Friday, November 15, 2024

'I Went From a Ninety Seven Pound Weakling...'


If you are my age, then you will, inevitably, have encountered an ad similar to the one above while browsing magazines and comics.  This one - from a 1965 'Meccano Magazine' - is fairly restrained.  By the seventies I seem to recall variants featuring tales of skinny geeky guys getting sand kicked in their faces on the beach by musclebound thugs.  After reading Charles Atlas' book, of course, this never happened to them again.  (The clear implication being that it is now them who are doing the sand kicking, an attitude which, I can't help but suspect, has informed society's seemingly ever escalating levels of violence).  These, apparently, stemmed from Atlas' claims that he had originally taken up body building after getting sand kicked in his face by a bully.  Of course, by the time I was reading those ads, Atlas himself was dead, (or Angelo Sicilano, to give him his birth name), having passed away, at the age of eighty, in 1972.  
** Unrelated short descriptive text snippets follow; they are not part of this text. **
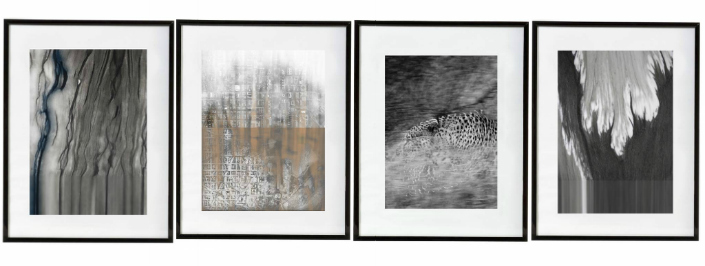 If you're going to Art Basel you must see these exhibitions 1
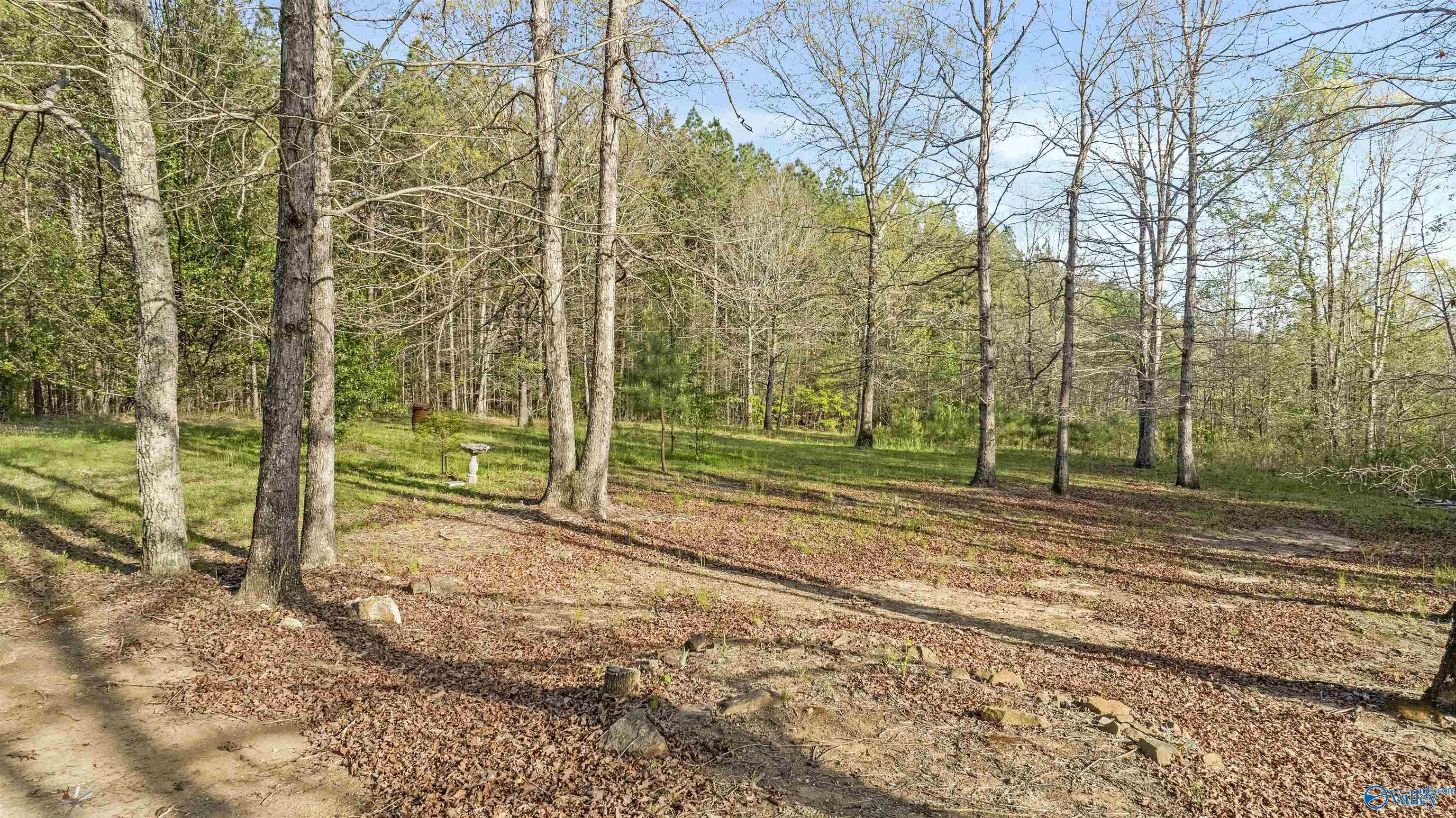 386 County Road 520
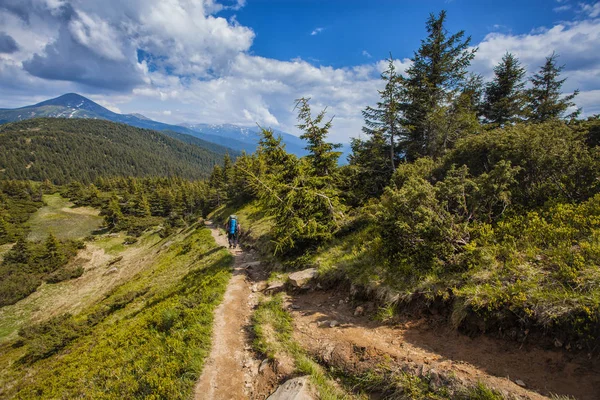 一位游客沿着一条蜿蜒的山路散步 夏天在山里散步 — 图库照片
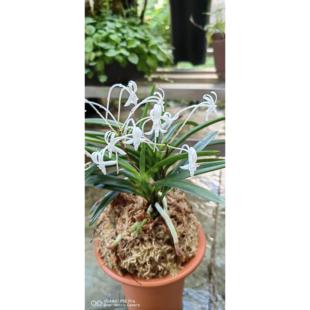 舟山风兰老品种夜来香办公室盆栽花卉绿植浓香型一盆两苗包邮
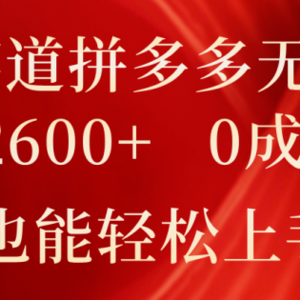 蓝海赛道拼多多无人直播，日入2600+，0成本变现，小白也能轻松上手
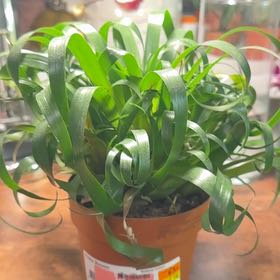 Photo of the plant species Vriesea Carinata by @WhizSapote30 named Cleopatra on Greg, the plant care app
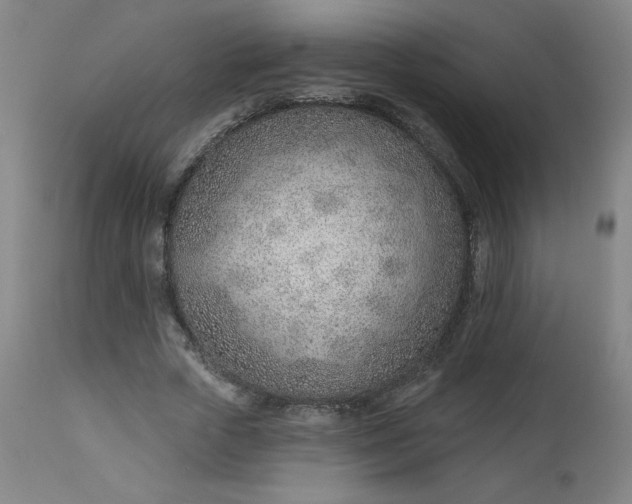 X0000112920729200909080933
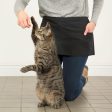 Training Packs To Help Cats & Kittens Get Adopted Online Sale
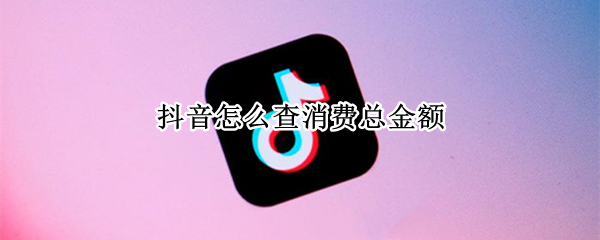 抖音消费总金额怎么看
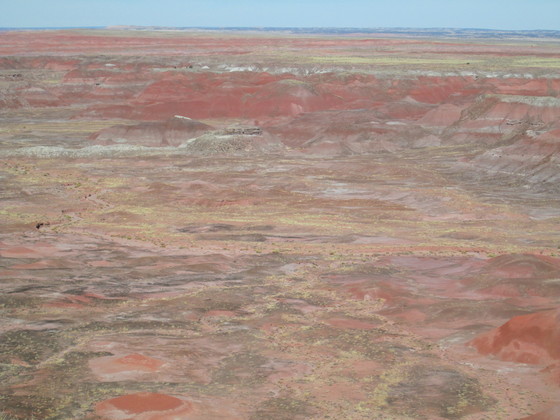 Petrified Forest National Park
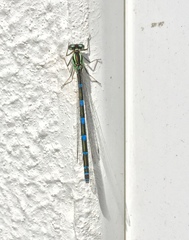 Coenagrion
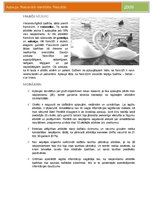 Paraugs 'Nacionālā identitāte. Aptaujas rezultāti', 5.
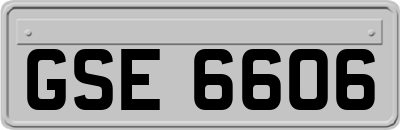 GSE6606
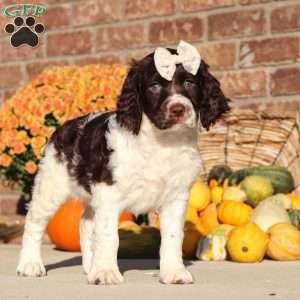 Stella, English Springer Spaniel Puppy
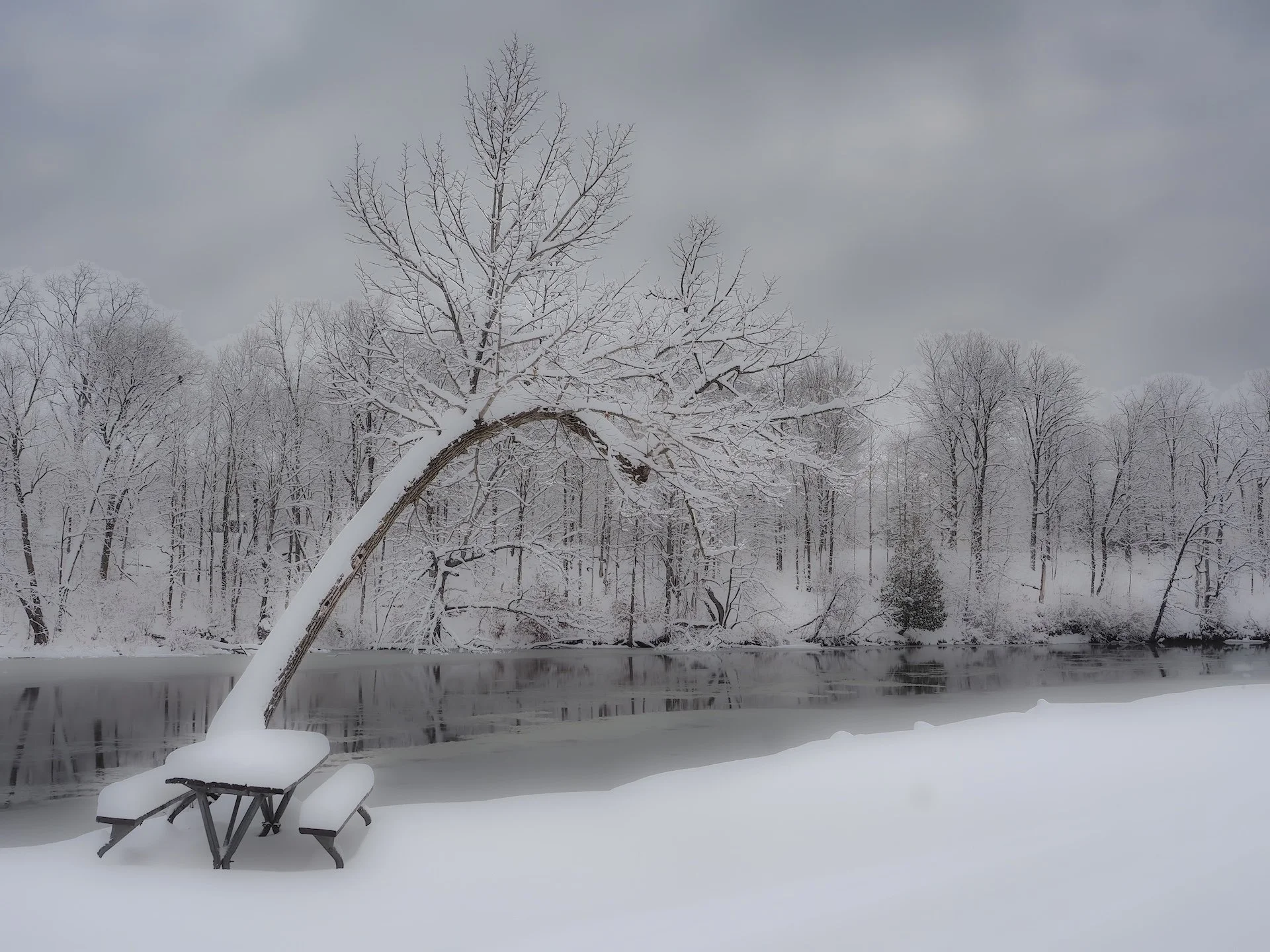 nordicbiker-square space.jpg-88.jpg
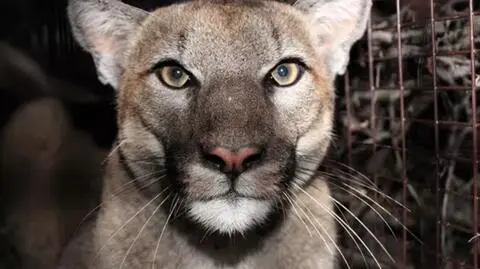 Puma P-22 schwytana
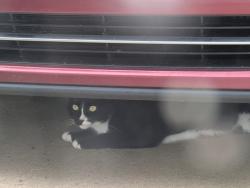 Found/Stray Unknown Cat last seen Candor Place, Simpsonville, SC 29681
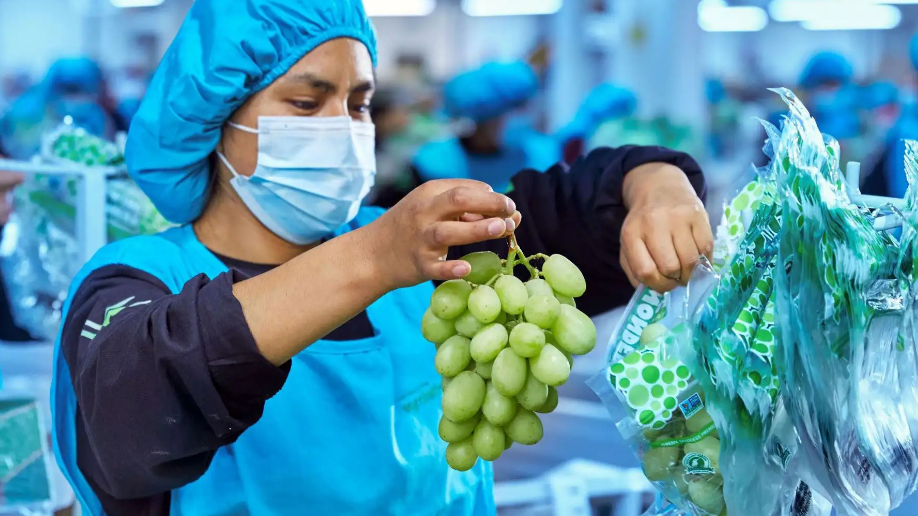 Agroindustria peruana supera los US$ 1.034 millones en ventas a la Unión Europea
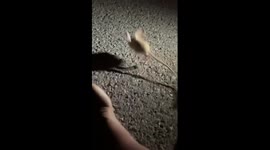 Adorable jerboa mouse joins campers to snack on watermelon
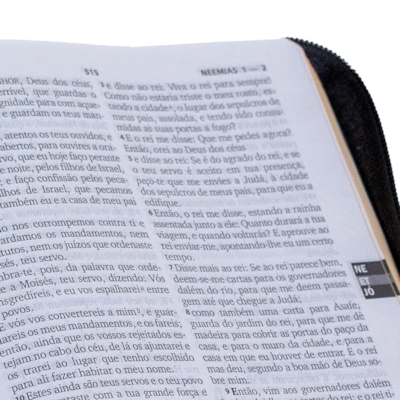 image_06d56b6d-e0de-4b78-bf5f-a5131ae742da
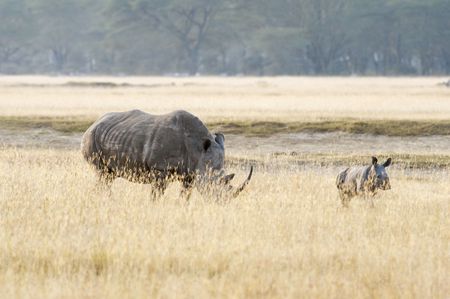 Square-lipped Rhinoceroses  in Nakuru Lake National  Park, Kenya, East Africaの写真素材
I've often wondered how many young British comic readers actually sent off for that booklet.  I never did, despite the prospect of being able to kick sand in the faces of school bullies seeming very tempting to my young self.  But others did, some, like Dave Prowse, with considerable success, so clearly it wasn't all hype.  Even back then, though, I knew that I was too lazy to ever get into body building - all that weight lifting, stretching and the like just seemed too energetic, not to mention time consuming for me.  I'm just a natural born slob.  As it turned out, so were a lot of other people, judging by number of people who, by the eighties and nineties, had turned to steroids rather than weights to get those muscles.  I guess that it was around this time that these ads started to appear less frequently - not only were people looking for easier shortcuts to getting that physique, but for those still interested in traditional approaches, there were new heroes like Arnold Schwarzenegger.   Still, my affection for those ads remain, they are an integral part of my misspent youth reading schlocky magazines and comics.